##### Material provided
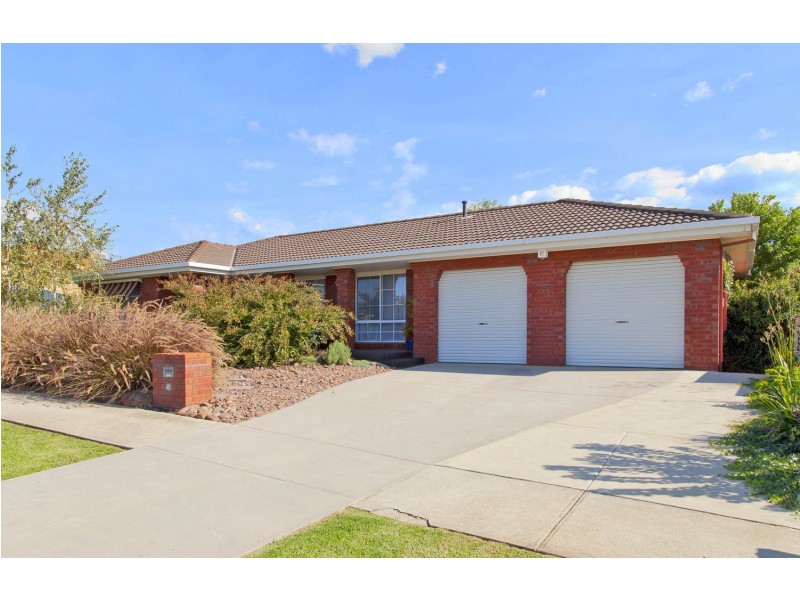 11 Kingfisher Drive, Wodonga VIC 3690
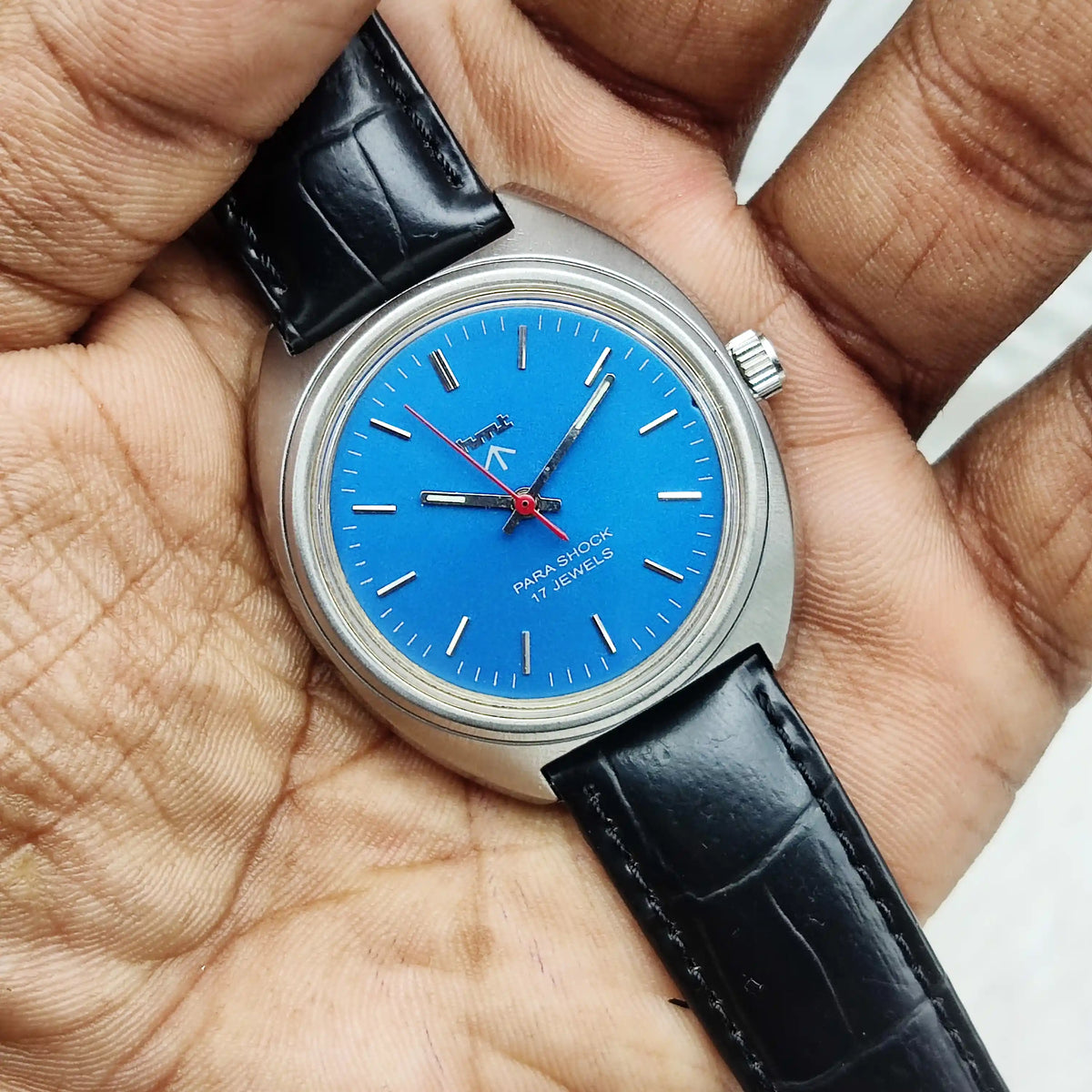 HMT Mechanical Handwinding Watch: Classic Craftsmanship with Timeless Elegance
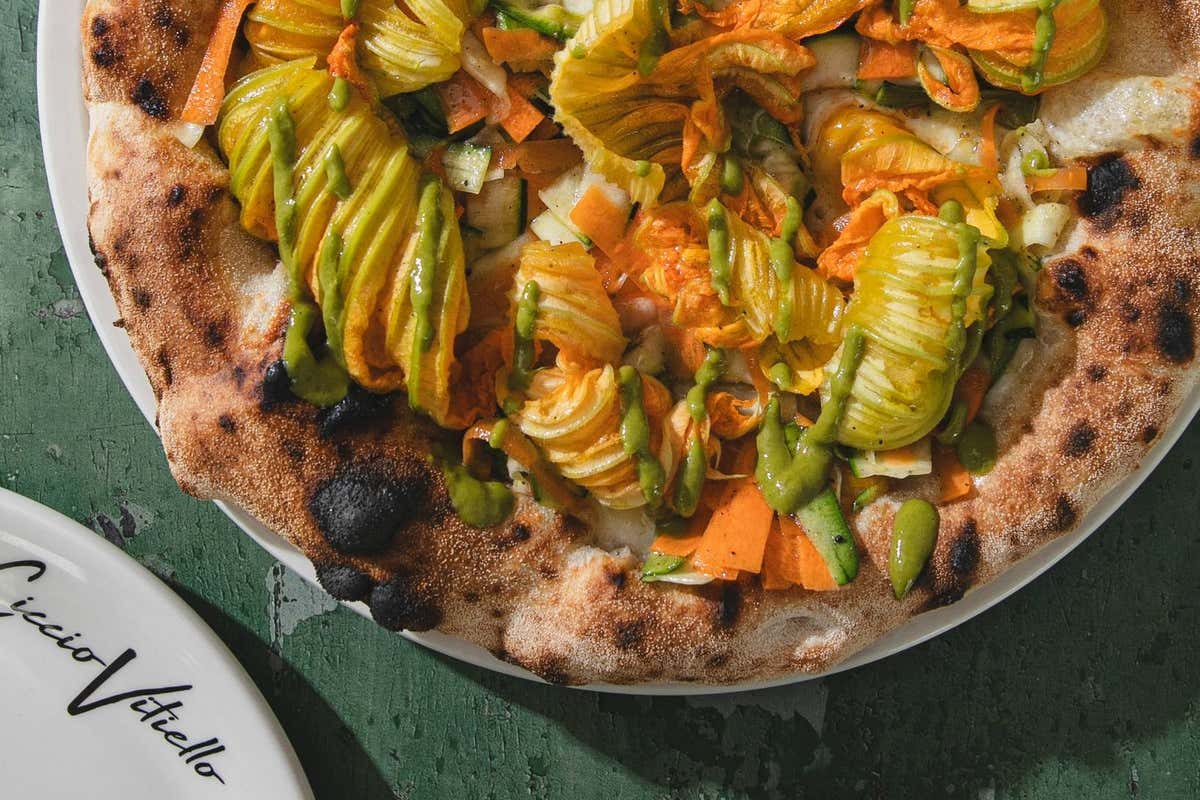 Cambia-Menti, la pizzeria con l'orto verticale a due passi dal forno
##########
Assignment: This exercise calls for the complete listing, returned exactly and without images.

Response:
 11 Kingfisher Drive, Wodonga VIC 3690
 HMT Mechanical Handwinding Watch: Classic Craftsmanship with Timeless Elegance
 Cambia-Menti, la pizzeria con l'orto verticale a due passi dal forno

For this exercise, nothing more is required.